Gehaltstransparenz bringt auch Unternehmen Vorteile

Europäische Mühlen mahlen langsam: 2023 bereits ist die Entgelttransparenz-Richtlinie der EU in Kraft getreten, bis Anfang Juni 2026 muss sie in nationales Recht umgesetzt sein. Unternehmen können aber heute schon davon profitieren, wenn sie ihre Gehälter öffentlich machen.
Veröffentlicht am 22.04.2025
Gehaltstransparenz bringt auch Unternehmen Vorteile

Am 7. März 2025 endete das Arbeitsjahr 2024 für Frauen. Denn Frauen verdienen im Durchschnitt 16 Prozent weniger als Männer, müssten also im Schnitt 66 Tage länger arbeiten, um für das Jahr 2024 ebenso viel zu verdienen wie Männer. Diese Ungerechtigkeit, genannt Gender Pay Gap, hat verschiedene Gründe. Sehr eindrücklich ist ein Blick auf eine Destatis-Statistik über den durchschnittlichen Bruttostundenverdienst 2024 von Frauen und Männern, bezogen auf deren Alter. In der sehr frühen Phase der Erwerbstätigkeit bis zum Alter von etwa 19/20 Jahren verdienen Frauen sogar mehr pro Stunde. Von etwa 20 bis etwa 30 Jahren liegen die Männer dann zwar bereits vorne, aber nur leicht. Drastisch geht die Verdienstschere auf ab etwa 30 Jahren – dem Alter, in dem Frauen durchschnittlich ihr erstes Kind bekomme.

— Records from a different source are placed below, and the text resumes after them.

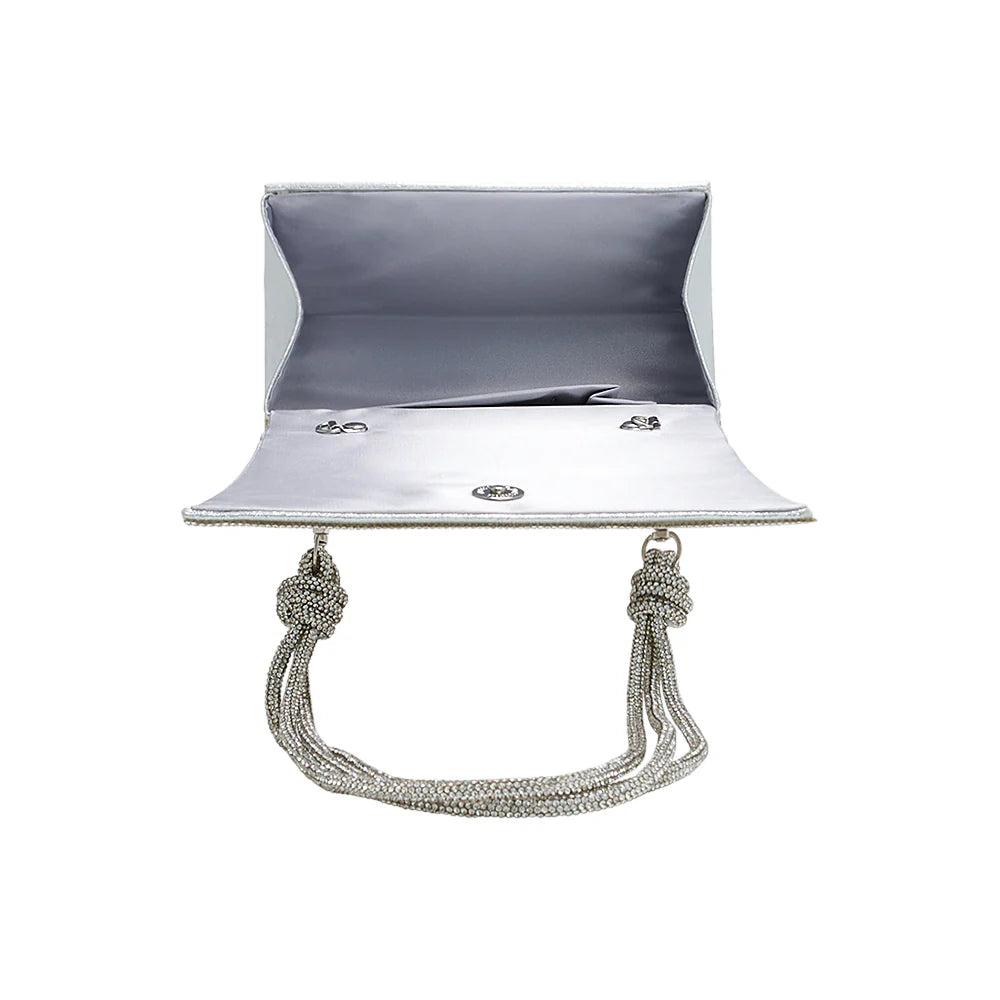 Rhinestone Shoulder Bag – Glamorous Evening Bag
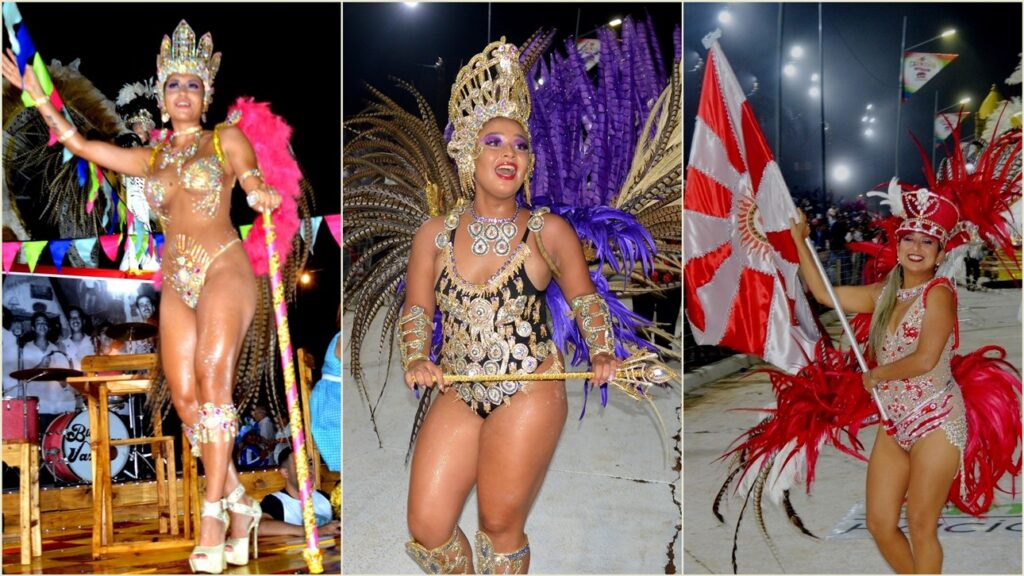 Santo Tomé: Volvió el carnaval, volvió el rey momo y una multitud acompañó la primera noche de corso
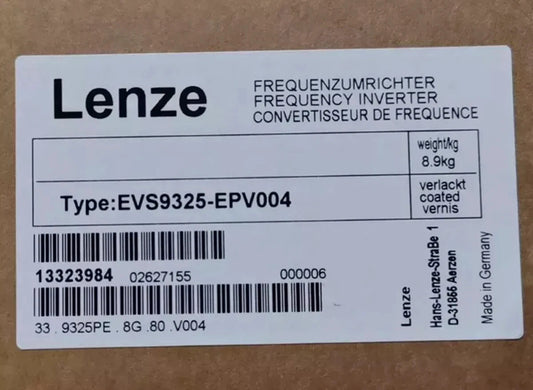 1PC New Lenze EVS9325-EPV004 Frequency converter Expedited Shipping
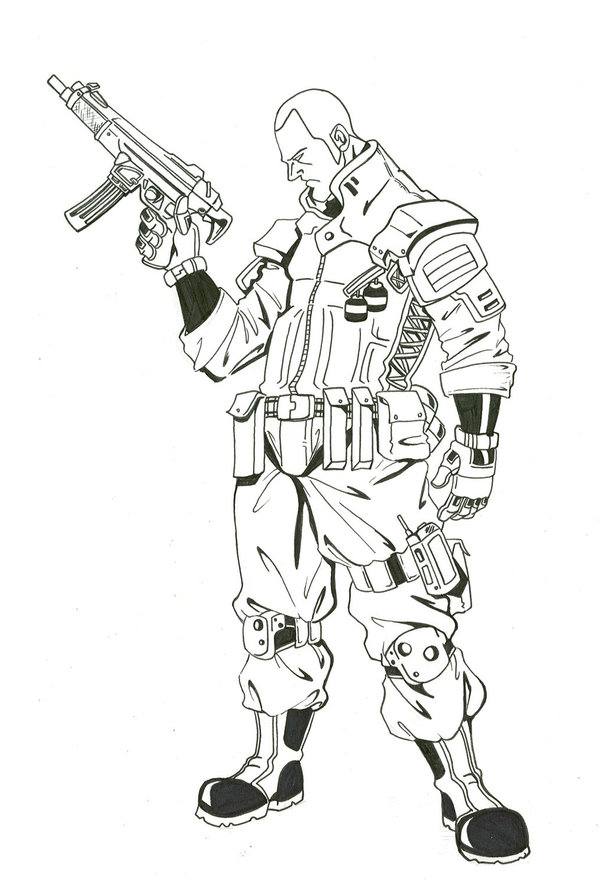 600x887 The Specialist By Karate Chop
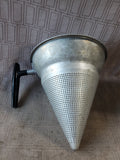 Vintage Aluminum Conical Food Sieve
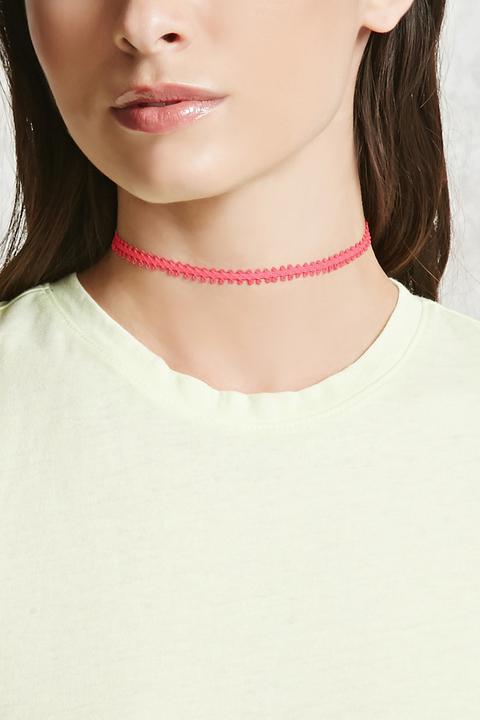 Choker Festoneado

Von da an bis kurz vor das Rentenalter verdienen Männer stets mehr als Frauen, teilweise sogar fast 50 Prozent (statistischer Durchschnitt) in der Stunde. Der Gender Pay Gap ist seit einigen Jahren weitgehend unverändert, d.h. die Lohnlücke schließt sich nicht weiter. Selbst bei gleicher Qualifikation und Beschäftigung beträgt sie noch immer durchschnittlich sechs Prozent.

Die Entgelttransparenz-Richtlinie der EU soll damit Schluss machen. Spätestens am 7. Juni 2026 muss die Richtlinie in nationales Recht umgesetzt sein. Unternehmen müssen dann ihre Vergütungspraktiken offenlegen und ihren Beschäftigten, aber zum Beispiel auch Stellenbewerbern, einen Vergleich der Gehälter ermöglichen. Mit der Richtlinie werden Berichtspflichten zur Entlohnung im Betrieb kommen. Eine Studie aus 2024 zeigt, dass bisher erst gut ein Viertel der betroffenen deutschen Unternehmen sich bereit fühlen, die Richtlinie einzuhalten. Fast zwei Drittel geben an, sie wollen nicht mehr als die gesetzlichen Mindestanforderungen umsetzen. Das kann zum Nachteil werden, denn Gehaltstransparenz ist nicht nur Aufwand für Unternehmen, sie kann sich auch lohnen.

Die defensive Haltung ist daher falsch, das legt die Studie ebenfalls nahe. Und auch, dass die Unternehmen das eigentlich wissen. Denn rund die Hälfte der befragten Unternehmen geben an, dass Lohntransparenz dazu geeignet sei, die Zufriedenheit der Belegschaft zu erhöhen. Aus dieser Erkenntnis, so raten es viele Experten und Expertinnen, sollten Unternehmen auch Konsequenzen ziehen. Denn Entgelttransparenz kann enorme positive Auswirkungen auf das Employer Branding haben, auf die Attraktivität von Unternehmen für Beschäftigte und also ein wichtiges Mittel in der Rekrutierung von Beschäftigten sein. So gibt es Studien, die darauf hindeuten, dass sich viele Menschen lieber auf Stellen bewerben, wenn es in der zugehörigen Anzeige Angaben zum Gehalt gibt. Und eine zufriedenerer Belegschaft ist, das belegen zahlreiche Studien, motivierter und dadurch produktiver, d.h. Unternehmen, die das Thema Lohntransparenz aktiv angehen und für sich nutzen, können auch jenseits des Recruiting davon profitieren. Und wenn die Zufriedenheit der Belegschaft steigt, sinken in der Regel auch Fluktuation und Krankenstand.